2. The other experience that impressed me was the way the girls were welcomed at their orphanages.
As we rode down a bumpy road in Jiangxi, Shangrao, I heard popping noises and then realized they were firecrackers. About 20 people had assembled on the steps of the Shangrao Social Welfare Institute, and a big banner was displayed over the building’s front gate: It read Huan ying Xiao Chun hui jia.
Two days later we were in Zhejiang, Jiande, speaking with the director of my older daughter’s orphanage. Suddenly a woman walked in whom I recognized, and whom even Anna recognized from her baby pictures. This was the woman who had handed her to me 18 years before. She no longer works in the adoption field and she has moved to Hangzhou, about three hours away. But she came back that day to see Anna again, and the connection was powerful.
Watching the reaction of these people and also watching the ayis take care of the babies currently in their care, I was so aware of how important is the work that they do. Studies show that the less time a baby is treated impersonally as a ward in an institution, the better the outcome for their personal, social, and intellectual development. In hot, un-air-conditioned rooms, these nannies were making it possible for the babies to develop an early human connection, and making who knows what difference in these children’s futures.
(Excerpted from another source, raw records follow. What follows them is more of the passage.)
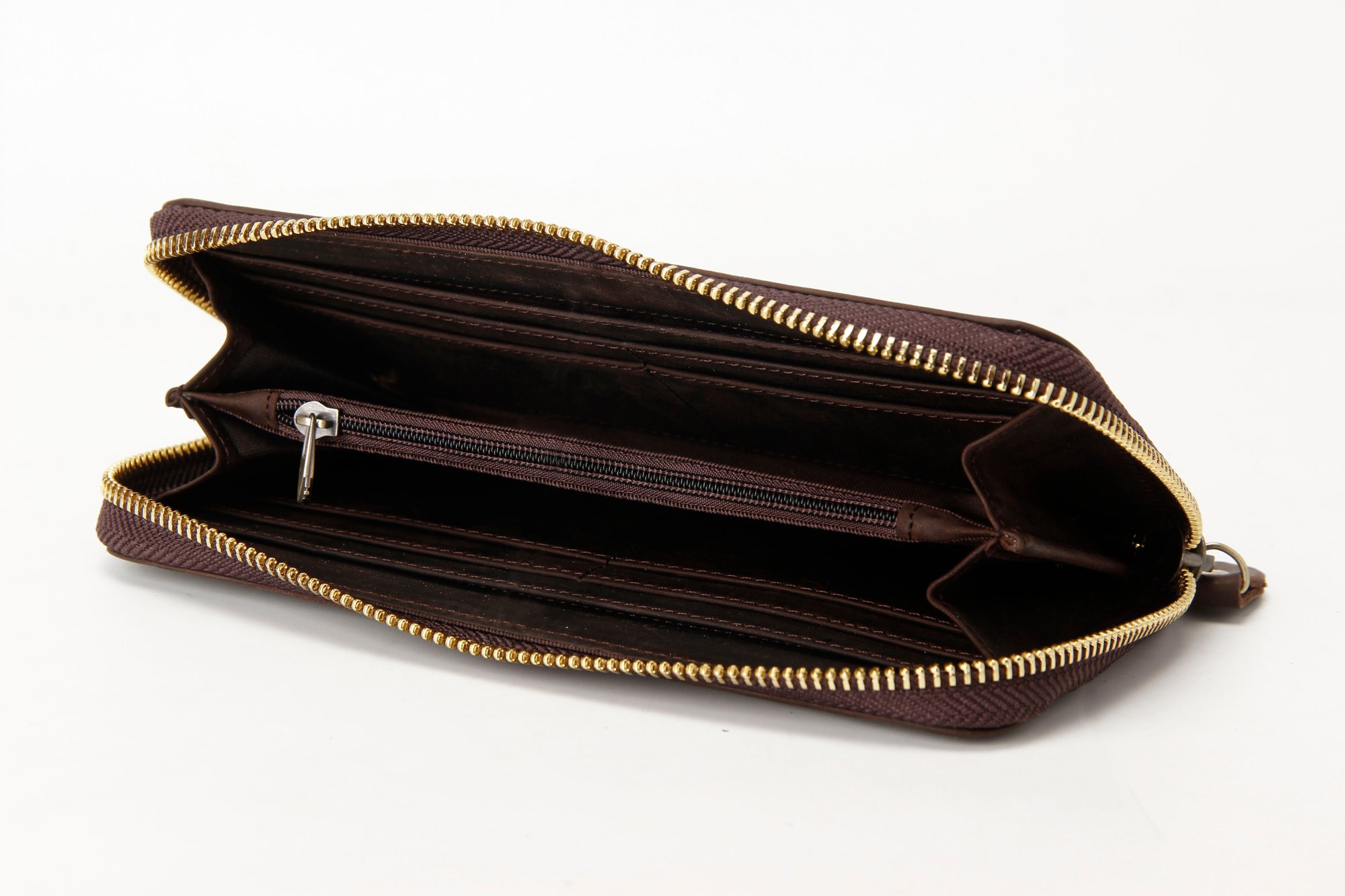 Genuine Leather Long Wallet Men Zipper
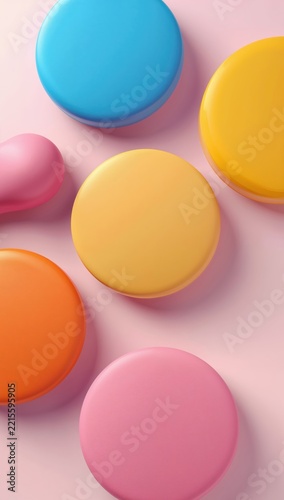 Large colorful shapes sliding across clean background with generous negative space and shadows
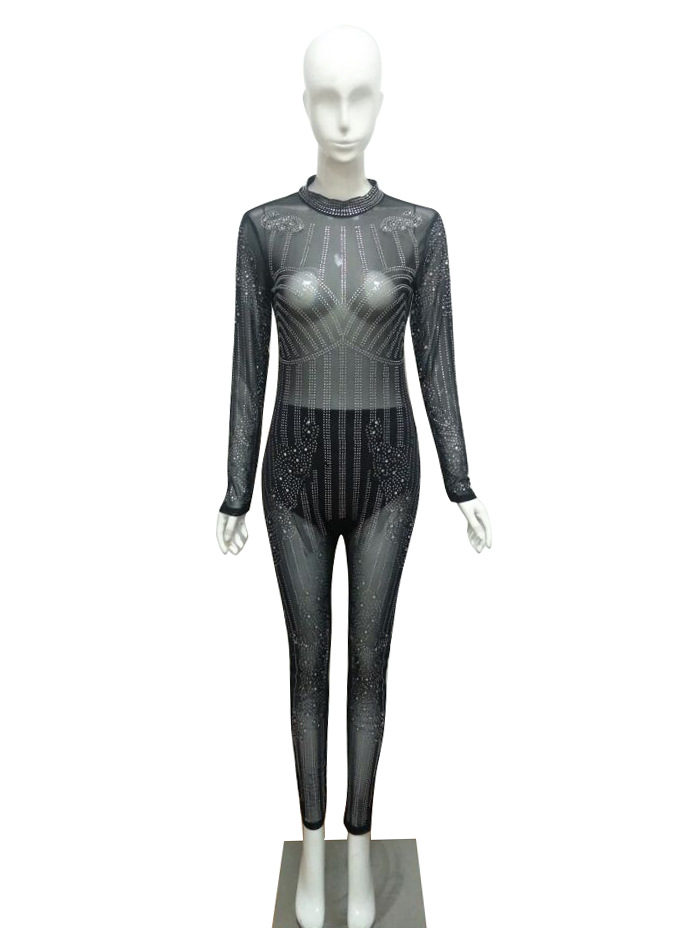 Title 10, Mesh jumpsuit met lange mouwen en ronde hals. C...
When we came back from this trip and I talked to my friends about these orphanage visits, Harry’s wife June Chang said to me, “Why don’t you write a book about this?”
So I did. The book is intended for a Chinese audience. It attempts to answer the questions that friendly strangers asked me on the streets of Beijing and Shanghai, Chengdu and Nanjing. Why did we adopt children from China? Why do so many Americans adopt there? What is life like for the children growing up in America? How about when they reach adolescence? How do they feel about the birth parents who gave them up and about the country where they were born?
I found it frustrating not to be able to communicate with the people who took care of my children in their infancy. You can’t quite get the same kind of connection when you speak through an interpreter. So I wanted those people to see this book, to read it, and to see their own pictures on the pages, to see the pictures of the girls growing up, and mostly to recognize that American parents understand how valuable their work is.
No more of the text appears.